Created by Pat Mills and Tony Skinner Accident Man is Mike Fallon whose speciality is making his hits look like complete accidents. Accident Man is that sliver of the 90’s that I remember so well. That piece of forbidden fruit that was full of sex and violence that me and my friends knew existed but weren’t able to eat. But we knew it was there because we saw glimpses of it in window displays, on TV, and we whispered about them in hushed voices in school hallways. And here, with this publication, I can finally retake my childhood and actually pretend that I was there all along. Because enjoying The Complete Accident Man made me feel that I was doing something so naughty and terribly wrong.
It’s Tarantino before Tarantino.
It’s John Wick twenty-three years ago.
I don’t know how Pat Mills does it. He thinks of things and puts them out there before they end up becoming mainstream. I sincerely believe that there’s a conspiracy against Mills because there has to be. Everyone must be copying and stealing from him.
Mills and Skinner are delightful. Accident Man starts out as a simple concept but as we follow Fallon’s outrageous journey (and his big ego) the stories become more layered and something weird happens. Fallon is a complete asshole, a douchebag, and an absolute idiot. But by the end of it we end up liking him, even rooting for him. Eventually you want him to kill these people. You need him to have his expensive toys and his clothes made from endangered species. And then you’re shocked and horrified that you thought these things.
And all this can’t possibly work without the three artists that worked on this. Martin Emond and Duke Mighten each bring their own style to the panels but they keep the overall tone. And John Earsmus does a fantastic job keeping that going with his three part mini-series from Dark Horse Comics. It’s pure grunge. It’s Pearl Jam, Nirvana, and Alice in Chains mixed with James Bond. The style brings out the outrageousness and it really makes you smile. I’ve never chuckled and laughed at such violence before and that makes me feel disgusted with myself. And I can’t help it.
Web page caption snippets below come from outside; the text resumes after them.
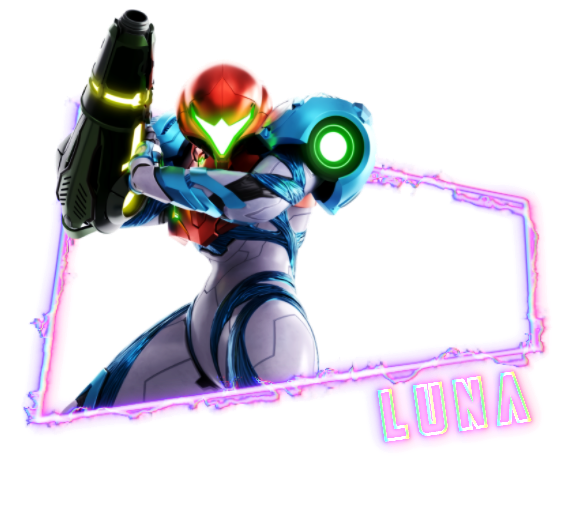 Luna Luna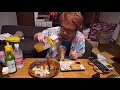 【酒動画】お得な買い物をしたオッサンの晩酌【飯動画】【飯テロ】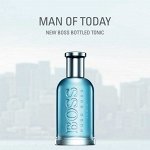 Hugo boss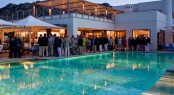 Yacht Club Costa Smeralda (YCCS) in Porto Cervo Yacht Club Costa Smeralda (YCCS) in Porto Cervo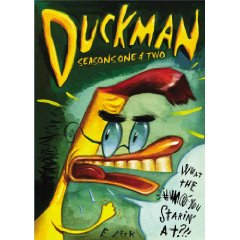 duckman-1-and-2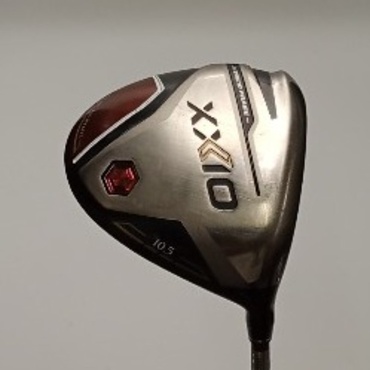 XXIO　12　レッド 1W 10.5°  R XXIO　MP1200　レッド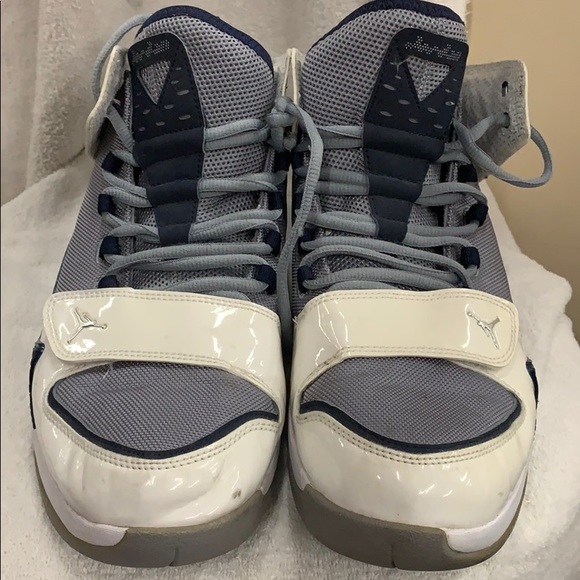 tennis nike jordan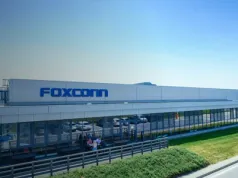Foxconn zatrudnia na Słowacji. Pracę znajdzie co najmniej 300 specjalistów od AI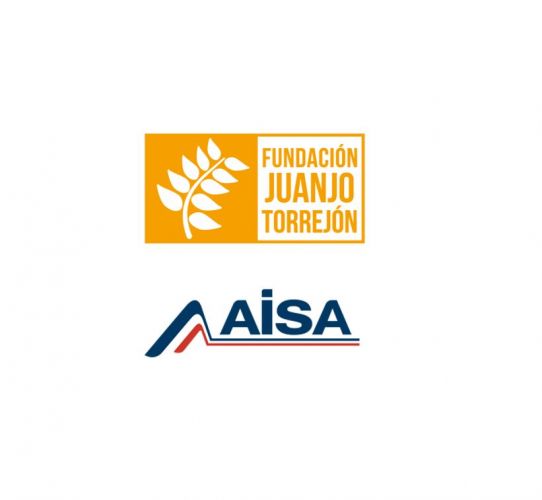 FUNDACIÓN JUANJO TORREJÓN Y GRUPO AISA SE UNEN PARA OFRECER ACTIVIDADES DE OCIO A MENORES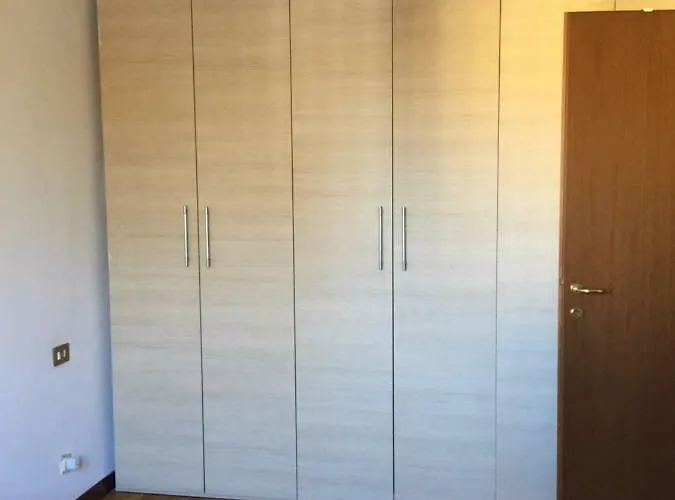 Casa Grazia Magreglio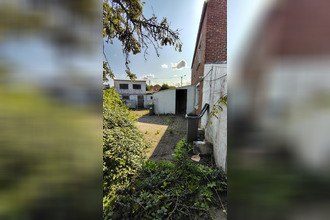 achat maison busnes 62350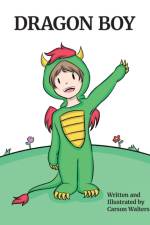 Dragon Boy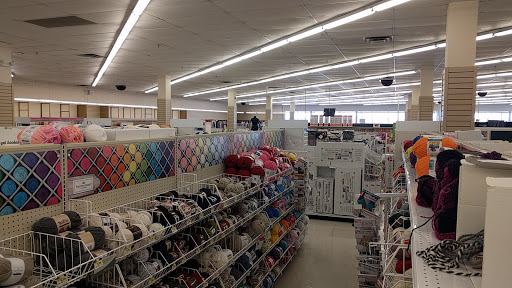 Fabric Store «Jo-Ann Fabrics and Crafts», reviews and photos, 5001 Salem Ave, Dayton, OH 45426, USA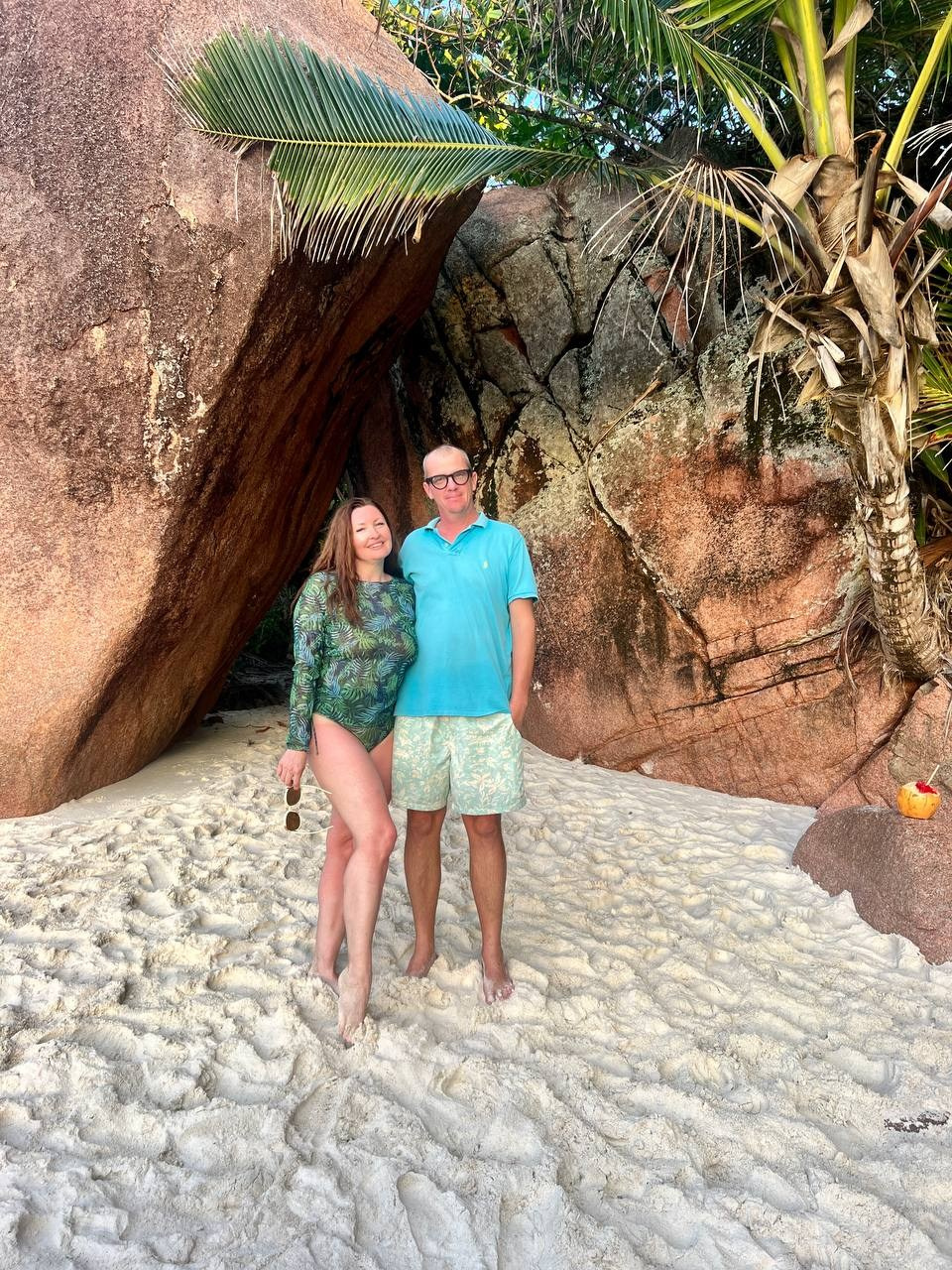 Сейшелы описание. Happy Sail Круизы на яхте с Михаилом Текучевым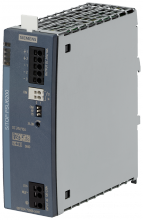 Siemens 6EP33347SC003AX0 - SITOP PSU6200/1AC/24VDC/10A/CO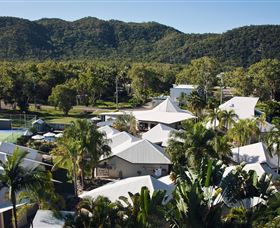 Island Leisure Resort - Coogee Beach Accommodation 2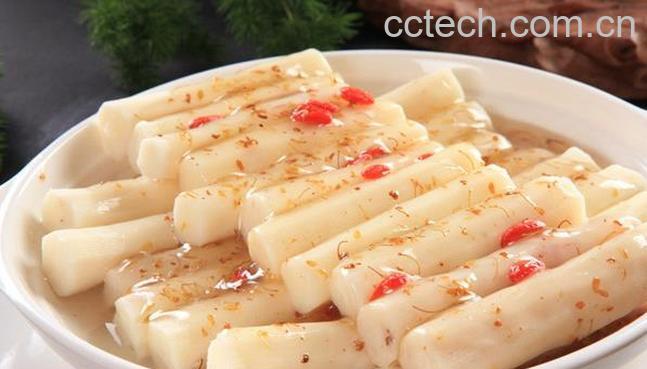 果蔬百科淮山的功效与作用及食用方法-0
This is what comics in the 90’s should have been, or rather should have stayed being. This brings purpose to the big muscled, big boobed characters saying awful lines of dialogue while doing farfetched things. The 90’s did have so much promise.
The Titans publications does it justice. What better way to look at the sex and violence than with high amounts of gloss that makes these pages shine? And despite it’s shine, it still retains that underground dirt. You feel like you’re somewhere deep in a tunnel, surrounded by questionable characters who offer you a drug or two.
And there’s a movie. Mills talks a bit about it in the introduction from 2014 and the movie came out in 2018. So I’m curious and also scared at the same time. I don’t know if Accident Man could work in a movie because you couldn’t take that amount of guilt and watch it in real time. It’s like if porn could speak to you. But I know I’ll yield and I’ll watch it, and I’ll probably be disappointed. And it doesn’t matter. As long as I can get another Accident Man fix.
I can’t recommend this book enough. But one tip to you dear reader. If you do pick this up then read it in secret. Because if someone is looking over your shoulder as you do so, then that someone will think you’re the most vile, disgusting human being on Earth. To which you will reply,
“But you’ve obviously never met Mike Fallon.”